(Records from a collection)
========================================================================

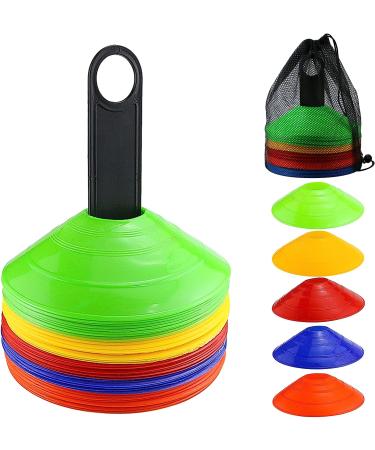 Faxco 50 Pcs Soccer Cones with Holder - Field Cone Markers for Football Training - Outdoor Sports Games Supplies (5 Colors) - Buy Online on SooperMarket.com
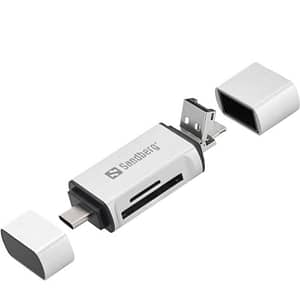 Cititor de carduri SD MicroSD cu conectare USB type C USB Micro USB Sandberg 136-28 argintiu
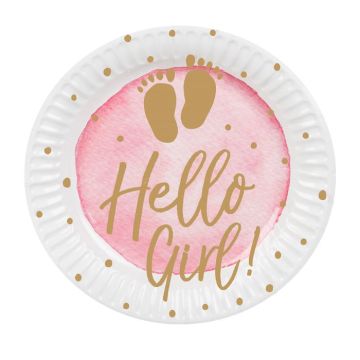 White and pink paper plates with writing for girls 10x - Ø 23 cm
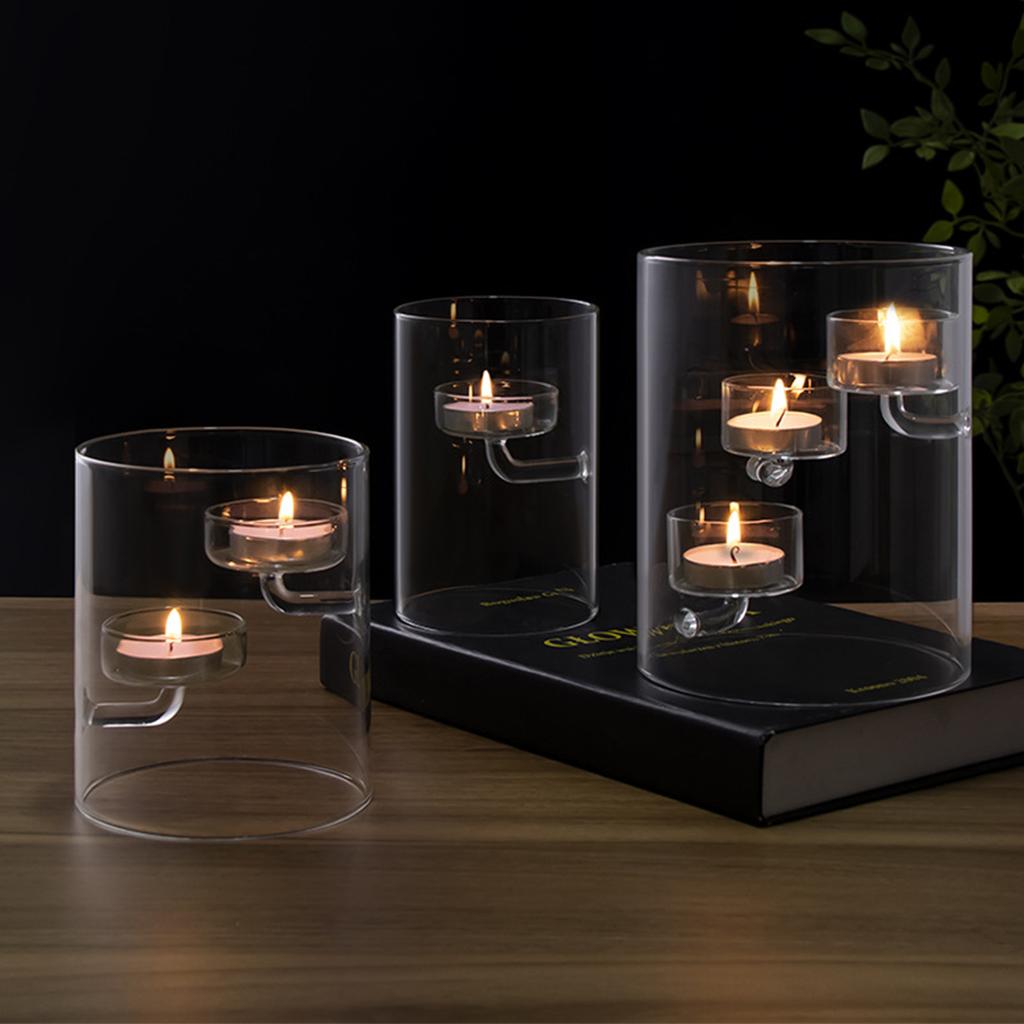 Cylinder Glass Votive Tealight Candle Holder Clear Floating Candle Display DIY Table Centerpieces Decoration Craft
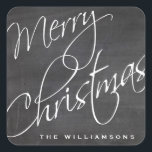 Merry Christmas Calligraphy Chalkboard Custom Square Sticker<br><div class="desc">An festive Merry Christmas sticker featuring a calligraphy script font set against a black chalkboard background.  The perfect sticker for your holiday packages and gifts.  Add your name to customise.</div>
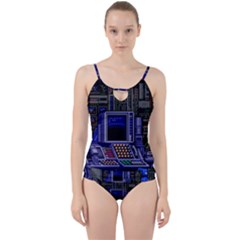 Blue Computer Monitor With Chair Game Digital Art Cut Out Top Tankini Set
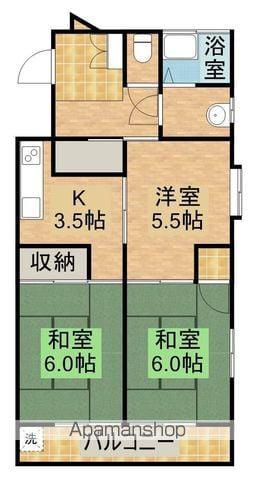 コーポ柳橋(3K/2階)の間取り写真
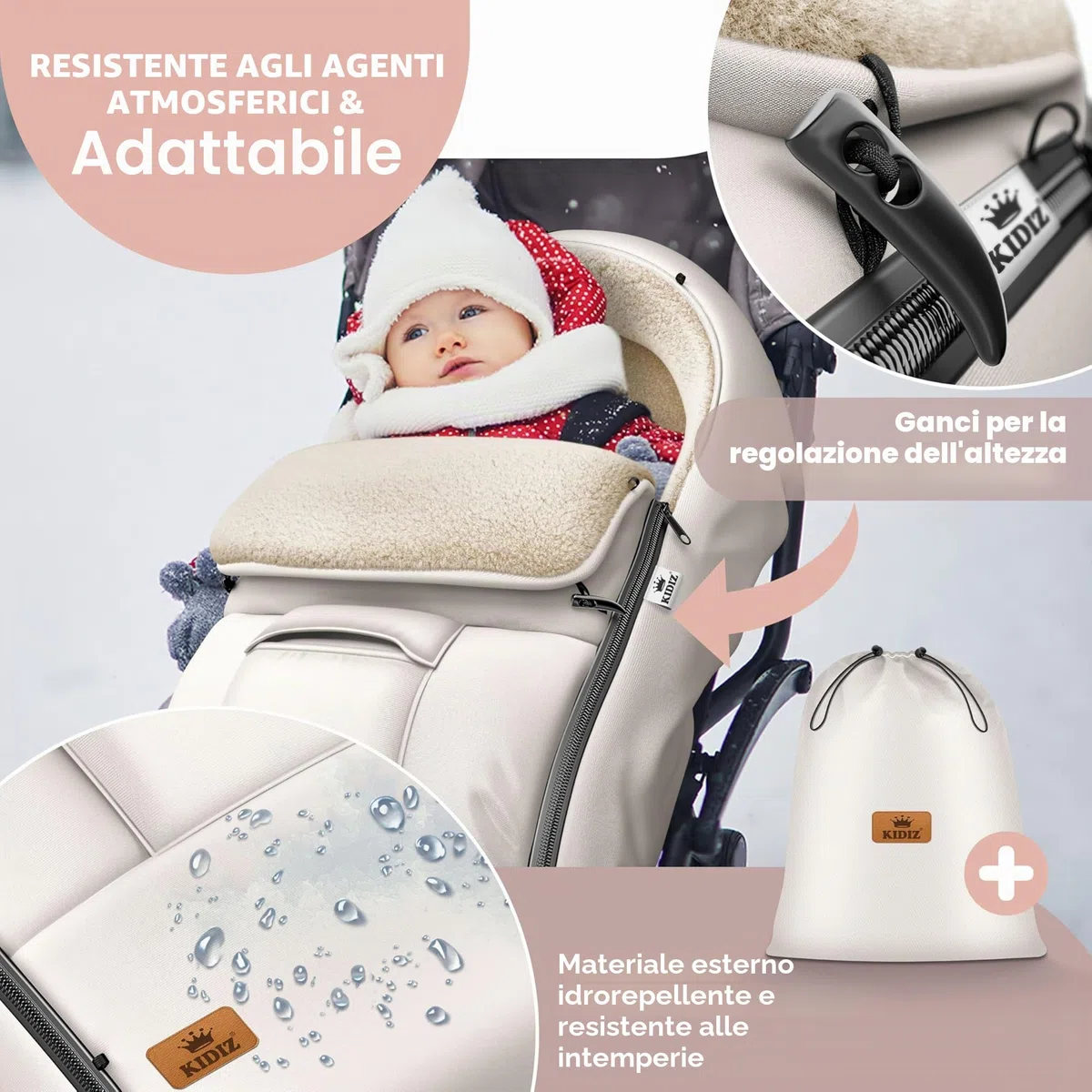 KIDIZ® copertina copertina per neonati copertina invernale ovetto con cerniera coperta per bambino lavabile per passeggino chiudibile sulla testiera, dotata di tasca, adatta a tutti i passeggini
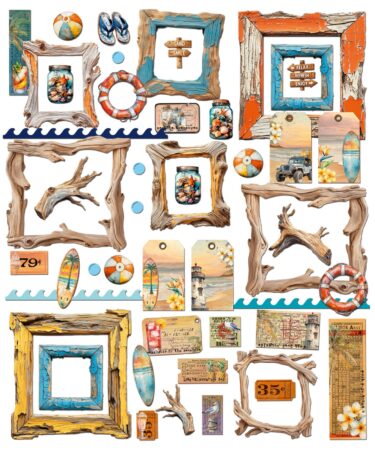 Alternative view of 49 AND MARKET COLLEZIONE Beach Vibes Collection Die-cut Elements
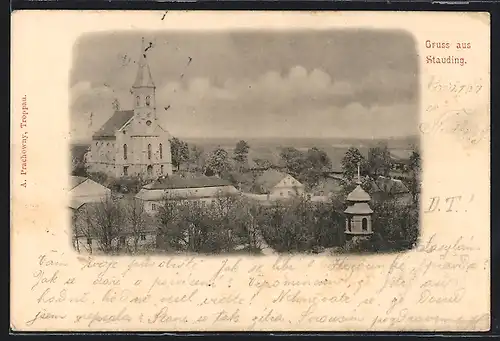 AK Stauding, Teilansicht mit Kirche aus der Vogelschau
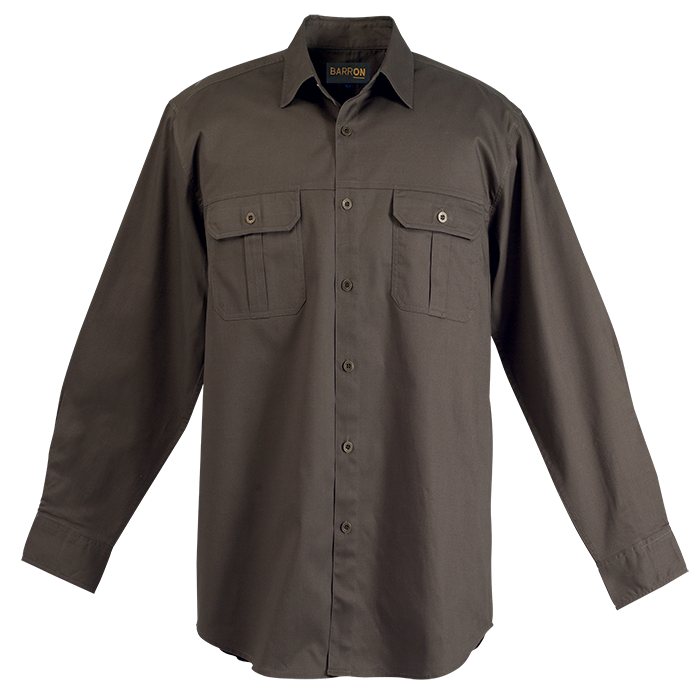 Mens Bush Shirt Long Sleeve Safari / SML / Regular - 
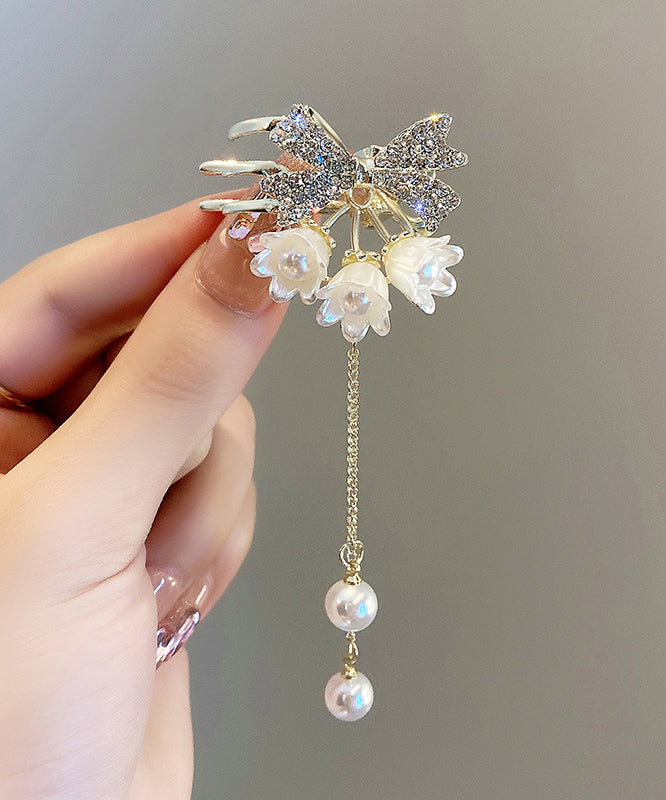 Classy White Alloy Zircon Pearl Lily of the Valley Tassel Hairpin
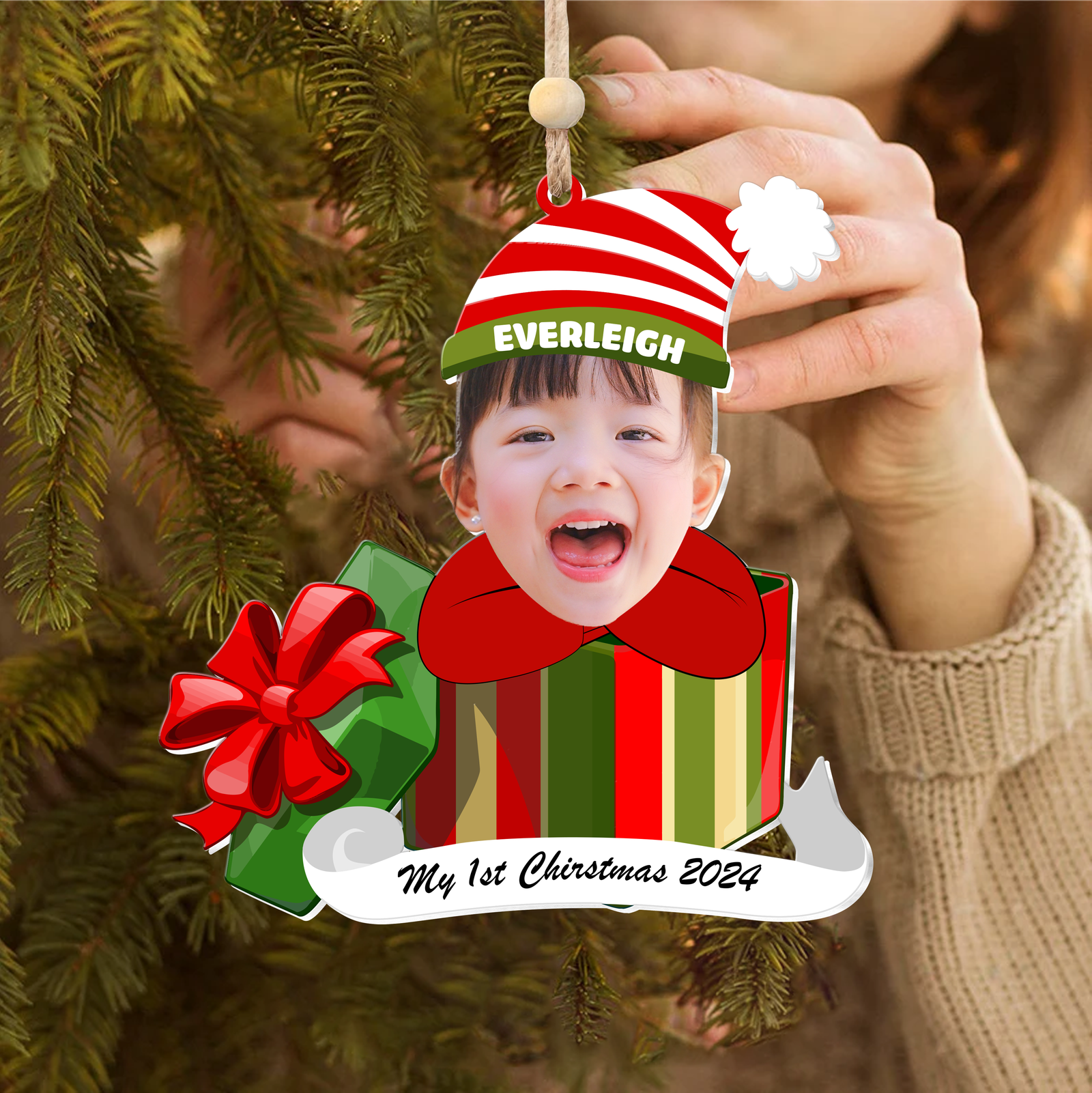 Personalized Baby Photo First Christmas Gift Ornament, Adorable Newborn Baby Ornament CF542 - 19Gifts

========================================================================

TASK GOAL: Leave the pictures out, and transcribe exactly the lines above starting at the one that contains "Cititor de carduri" and ending at the one that contains "Classy White Alloy".

RESULT FOR THIS EXERCISE:
 Cititor de carduri SD MicroSD cu conectare USB type C USB Micro USB Sandberg 136-28 argintiu
 White and pink paper plates with writing for girls 10x - Ø 23 cm
 Cylinder Glass Votive Tealight Candle Holder Clear Floating Candle Display DIY Table Centerpieces Decoration Craft
 Merry Christmas Calligraphy Chalkboard Custom Square Sticker<br><div class="desc">An festive Merry Christmas sticker featuring a calligraphy script font set against a black chalkboard background.  The perfect sticker for your holiday packages and gifts.  Add your name to customise.</div>
 Blue Computer Monitor With Chair Game Digital Art Cut Out Top Tankini Set
 コーポ柳橋(3K/2階)の間取り写真
 KIDIZ® copertina copertina per neonati copertina invernale ovetto con cerniera coperta per bambino lavabile per passeggino chiudibile sulla testiera, dotata di tasca, adatta a tutti i passeggini
 Alternative view of 49 AND MARKET COLLEZIONE Beach Vibes Collection Die-cut Elements
 AK Stauding, Teilansicht mit Kirche aus der Vogelschau
 Mens Bush Shirt Long Sleeve Safari / SML / Regular - 
 Classy White Alloy Zircon Pearl Lily of the Valley Tassel Hairpin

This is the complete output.